=== Stored data ===
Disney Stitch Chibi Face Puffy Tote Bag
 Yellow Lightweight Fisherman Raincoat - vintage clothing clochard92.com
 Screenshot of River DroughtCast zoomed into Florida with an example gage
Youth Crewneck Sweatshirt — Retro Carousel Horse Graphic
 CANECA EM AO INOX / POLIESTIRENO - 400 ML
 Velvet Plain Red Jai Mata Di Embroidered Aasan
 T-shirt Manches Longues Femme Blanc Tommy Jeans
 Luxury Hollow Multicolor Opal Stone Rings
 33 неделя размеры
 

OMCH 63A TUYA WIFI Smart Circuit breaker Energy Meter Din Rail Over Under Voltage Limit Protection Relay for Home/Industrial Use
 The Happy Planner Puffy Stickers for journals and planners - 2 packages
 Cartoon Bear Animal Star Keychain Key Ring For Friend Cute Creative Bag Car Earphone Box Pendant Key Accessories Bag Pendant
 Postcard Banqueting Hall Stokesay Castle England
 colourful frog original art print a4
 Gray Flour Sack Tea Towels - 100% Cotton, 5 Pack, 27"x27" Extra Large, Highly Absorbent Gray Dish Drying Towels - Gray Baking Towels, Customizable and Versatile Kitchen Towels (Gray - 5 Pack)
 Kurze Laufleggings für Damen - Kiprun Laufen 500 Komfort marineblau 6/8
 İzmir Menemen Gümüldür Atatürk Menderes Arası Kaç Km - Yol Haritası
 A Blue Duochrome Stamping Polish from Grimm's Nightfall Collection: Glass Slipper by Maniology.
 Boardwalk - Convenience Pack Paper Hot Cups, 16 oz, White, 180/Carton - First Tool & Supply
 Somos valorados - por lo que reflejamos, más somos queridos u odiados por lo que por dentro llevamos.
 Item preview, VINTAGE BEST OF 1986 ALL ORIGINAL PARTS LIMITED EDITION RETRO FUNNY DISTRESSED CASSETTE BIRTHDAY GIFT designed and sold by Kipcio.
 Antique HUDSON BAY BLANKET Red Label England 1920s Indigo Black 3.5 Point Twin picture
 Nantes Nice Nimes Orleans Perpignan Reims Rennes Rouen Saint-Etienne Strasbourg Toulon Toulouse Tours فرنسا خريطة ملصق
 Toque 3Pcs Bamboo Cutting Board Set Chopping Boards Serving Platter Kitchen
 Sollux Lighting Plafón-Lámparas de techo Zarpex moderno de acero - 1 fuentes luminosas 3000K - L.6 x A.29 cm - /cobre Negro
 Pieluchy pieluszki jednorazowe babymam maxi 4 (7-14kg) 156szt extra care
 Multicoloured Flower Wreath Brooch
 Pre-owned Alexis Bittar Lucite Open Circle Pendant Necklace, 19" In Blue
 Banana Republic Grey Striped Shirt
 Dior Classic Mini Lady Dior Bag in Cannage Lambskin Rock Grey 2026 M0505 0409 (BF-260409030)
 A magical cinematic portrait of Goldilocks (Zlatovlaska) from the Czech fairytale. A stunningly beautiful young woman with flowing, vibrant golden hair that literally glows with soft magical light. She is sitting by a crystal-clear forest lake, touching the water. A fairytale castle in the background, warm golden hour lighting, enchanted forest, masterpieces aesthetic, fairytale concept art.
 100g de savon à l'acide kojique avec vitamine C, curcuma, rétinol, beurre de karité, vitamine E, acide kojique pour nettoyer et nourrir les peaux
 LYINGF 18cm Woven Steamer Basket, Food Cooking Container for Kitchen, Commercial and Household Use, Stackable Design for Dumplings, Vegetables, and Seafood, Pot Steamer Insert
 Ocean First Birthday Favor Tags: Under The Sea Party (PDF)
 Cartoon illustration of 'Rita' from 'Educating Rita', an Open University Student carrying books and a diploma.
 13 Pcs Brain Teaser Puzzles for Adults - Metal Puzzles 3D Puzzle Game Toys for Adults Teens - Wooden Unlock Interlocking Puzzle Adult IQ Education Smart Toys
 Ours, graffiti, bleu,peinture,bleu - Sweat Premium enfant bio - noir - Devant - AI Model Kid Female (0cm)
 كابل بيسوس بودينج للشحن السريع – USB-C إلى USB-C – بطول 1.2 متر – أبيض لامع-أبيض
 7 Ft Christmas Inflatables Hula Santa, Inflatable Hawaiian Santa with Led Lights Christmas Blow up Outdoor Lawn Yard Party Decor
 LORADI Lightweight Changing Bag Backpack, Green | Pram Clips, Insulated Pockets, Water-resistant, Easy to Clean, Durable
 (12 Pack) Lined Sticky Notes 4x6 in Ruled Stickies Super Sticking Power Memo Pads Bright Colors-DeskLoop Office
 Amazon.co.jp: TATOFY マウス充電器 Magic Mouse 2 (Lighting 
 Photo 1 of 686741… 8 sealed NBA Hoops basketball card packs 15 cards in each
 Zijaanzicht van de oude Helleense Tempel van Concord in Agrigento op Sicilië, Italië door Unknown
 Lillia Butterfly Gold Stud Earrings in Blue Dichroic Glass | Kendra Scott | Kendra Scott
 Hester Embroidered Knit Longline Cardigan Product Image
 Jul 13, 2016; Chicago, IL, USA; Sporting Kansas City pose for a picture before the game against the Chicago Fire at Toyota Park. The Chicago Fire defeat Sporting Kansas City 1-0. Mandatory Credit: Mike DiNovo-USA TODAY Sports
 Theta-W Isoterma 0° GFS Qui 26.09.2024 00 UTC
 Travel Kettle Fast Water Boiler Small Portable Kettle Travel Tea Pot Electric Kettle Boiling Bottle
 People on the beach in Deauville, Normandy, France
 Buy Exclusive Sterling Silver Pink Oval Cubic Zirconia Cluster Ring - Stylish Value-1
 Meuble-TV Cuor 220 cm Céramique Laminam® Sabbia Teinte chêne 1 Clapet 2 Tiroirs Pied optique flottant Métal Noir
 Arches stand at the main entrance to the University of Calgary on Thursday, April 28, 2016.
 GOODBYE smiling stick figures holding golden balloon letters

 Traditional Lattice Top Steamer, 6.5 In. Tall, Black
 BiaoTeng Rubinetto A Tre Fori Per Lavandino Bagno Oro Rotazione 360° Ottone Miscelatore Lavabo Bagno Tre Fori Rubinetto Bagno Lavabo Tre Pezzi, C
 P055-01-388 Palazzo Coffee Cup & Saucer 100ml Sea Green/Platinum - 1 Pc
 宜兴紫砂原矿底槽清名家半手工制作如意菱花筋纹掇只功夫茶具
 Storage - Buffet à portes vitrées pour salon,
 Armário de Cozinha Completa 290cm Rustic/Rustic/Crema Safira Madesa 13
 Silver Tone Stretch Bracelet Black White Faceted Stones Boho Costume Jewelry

=== What the task asks ===
Every entry, from first to last, should be written out exactly.

=== Expected answer ===
Disney Stitch Chibi Face Puffy Tote Bag
 Yellow Lightweight Fisherman Raincoat - vintage clothing clochard92.com
 Screenshot of River DroughtCast zoomed into Florida with an example gage
Youth Crewneck Sweatshirt — Retro Carousel Horse Graphic
 CANECA EM AO INOX / POLIESTIRENO - 400 ML
 Velvet Plain Red Jai Mata Di Embroidered Aasan
 T-shirt Manches Longues Femme Blanc Tommy Jeans
 Luxury Hollow Multicolor Opal Stone Rings
 33 неделя размеры
 

OMCH 63A TUYA WIFI Smart Circuit breaker Energy Meter Din Rail Over Under Voltage Limit Protection Relay for Home/Industrial Use
 The Happy Planner Puffy Stickers for journals and planners - 2 packages
 Cartoon Bear Animal Star Keychain Key Ring For Friend Cute Creative Bag Car Earphone Box Pendant Key Accessories Bag Pendant
 Postcard Banqueting Hall Stokesay Castle England
 colourful frog original art print a4
 Gray Flour Sack Tea Towels - 100% Cotton, 5 Pack, 27"x27" Extra Large, Highly Absorbent Gray Dish Drying Towels - Gray Baking Towels, Customizable and Versatile Kitchen Towels (Gray - 5 Pack)
 Kurze Laufleggings für Damen - Kiprun Laufen 500 Komfort marineblau 6/8
 İzmir Menemen Gümüldür Atatürk Menderes Arası Kaç Km - Yol Haritası
 A Blue Duochrome Stamping Polish from Grimm's Nightfall Collection: Glass Slipper by Maniology.
 Boardwalk - Convenience Pack Paper Hot Cups, 16 oz, White, 180/Carton - First Tool & Supply
 Somos valorados - por lo que reflejamos, más somos queridos u odiados por lo que por dentro llevamos.
 Item preview, VINTAGE BEST OF 1986 ALL ORIGINAL PARTS LIMITED EDITION RETRO FUNNY DISTRESSED CASSETTE BIRTHDAY GIFT designed and sold by Kipcio.
 Antique HUDSON BAY BLANKET Red Label England 1920s Indigo Black 3.5 Point Twin picture
 Nantes Nice Nimes Orleans Perpignan Reims Rennes Rouen Saint-Etienne Strasbourg Toulon Toulouse Tours فرنسا خريطة ملصق
 Toque 3Pcs Bamboo Cutting Board Set Chopping Boards Serving Platter Kitchen
 Sollux Lighting Plafón-Lámparas de techo Zarpex moderno de acero - 1 fuentes luminosas 3000K - L.6 x A.29 cm - /cobre Negro
 Pieluchy pieluszki jednorazowe babymam maxi 4 (7-14kg) 156szt extra care
 Multicoloured Flower Wreath Brooch
 Pre-owned Alexis Bittar Lucite Open Circle Pendant Necklace, 19" In Blue
 Banana Republic Grey Striped Shirt
 Dior Classic Mini Lady Dior Bag in Cannage Lambskin Rock Grey 2026 M0505 0409 (BF-260409030)
 A magical cinematic portrait of Goldilocks (Zlatovlaska) from the Czech fairytale. A stunningly beautiful young woman with flowing, vibrant golden hair that literally glows with soft magical light. She is sitting by a crystal-clear forest lake, touching the water. A fairytale castle in the background, warm golden hour lighting, enchanted forest, masterpieces aesthetic, fairytale concept art.
 100g de savon à l'acide kojique avec vitamine C, curcuma, rétinol, beurre de karité, vitamine E, acide kojique pour nettoyer et nourrir les peaux
 LYINGF 18cm Woven Steamer Basket, Food Cooking Container for Kitchen, Commercial and Household Use, Stackable Design for Dumplings, Vegetables, and Seafood, Pot Steamer Insert
 Ocean First Birthday Favor Tags: Under The Sea Party (PDF)
 Cartoon illustration of 'Rita' from 'Educating Rita', an Open University Student carrying books and a diploma.
 13 Pcs Brain Teaser Puzzles for Adults - Metal Puzzles 3D Puzzle Game Toys for Adults Teens - Wooden Unlock Interlocking Puzzle Adult IQ Education Smart Toys
 Ours, graffiti, bleu,peinture,bleu - Sweat Premium enfant bio - noir - Devant - AI Model Kid Female (0cm)
 كابل بيسوس بودينج للشحن السريع – USB-C إلى USB-C – بطول 1.2 متر – أبيض لامع-أبيض
 7 Ft Christmas Inflatables Hula Santa, Inflatable Hawaiian Santa with Led Lights Christmas Blow up Outdoor Lawn Yard Party Decor
 LORADI Lightweight Changing Bag Backpack, Green | Pram Clips, Insulated Pockets, Water-resistant, Easy to Clean, Durable
 (12 Pack) Lined Sticky Notes 4x6 in Ruled Stickies Super Sticking Power Memo Pads Bright Colors-DeskLoop Office
 Amazon.co.jp: TATOFY マウス充電器 Magic Mouse 2 (Lighting 
 Photo 1 of 686741… 8 sealed NBA Hoops basketball card packs 15 cards in each
 Zijaanzicht van de oude Helleense Tempel van Concord in Agrigento op Sicilië, Italië door Unknown
 Lillia Butterfly Gold Stud Earrings in Blue Dichroic Glass | Kendra Scott | Kendra Scott
 Hester Embroidered Knit Longline Cardigan Product Image
 Jul 13, 2016; Chicago, IL, USA; Sporting Kansas City pose for a picture before the game against the Chicago Fire at Toyota Park. The Chicago Fire defeat Sporting Kansas City 1-0. Mandatory Credit: Mike DiNovo-USA TODAY Sports
 Theta-W Isoterma 0° GFS Qui 26.09.2024 00 UTC
 Travel Kettle Fast Water Boiler Small Portable Kettle Travel Tea Pot Electric Kettle Boiling Bottle
 People on the beach in Deauville, Normandy, France
 Buy Exclusive Sterling Silver Pink Oval Cubic Zirconia Cluster Ring - Stylish Value-1
 Meuble-TV Cuor 220 cm Céramique Laminam® Sabbia Teinte chêne 1 Clapet 2 Tiroirs Pied optique flottant Métal Noir
 Arches stand at the main entrance to the University of Calgary on Thursday, April 28, 2016.
 GOODBYE smiling stick figures holding golden balloon letters

 Traditional Lattice Top Steamer, 6.5 In. Tall, Black
 BiaoTeng Rubinetto A Tre Fori Per Lavandino Bagno Oro Rotazione 360° Ottone Miscelatore Lavabo Bagno Tre Fori Rubinetto Bagno Lavabo Tre Pezzi, C
 P055-01-388 Palazzo Coffee Cup & Saucer 100ml Sea Green/Platinum - 1 Pc
 宜兴紫砂原矿底槽清名家半手工制作如意菱花筋纹掇只功夫茶具
 Storage - Buffet à portes vitrées pour salon,
 Armário de Cozinha Completa 290cm Rustic/Rustic/Crema Safira Madesa 13
 Silver Tone Stretch Bracelet Black White Faceted Stones Boho Costume Jewelry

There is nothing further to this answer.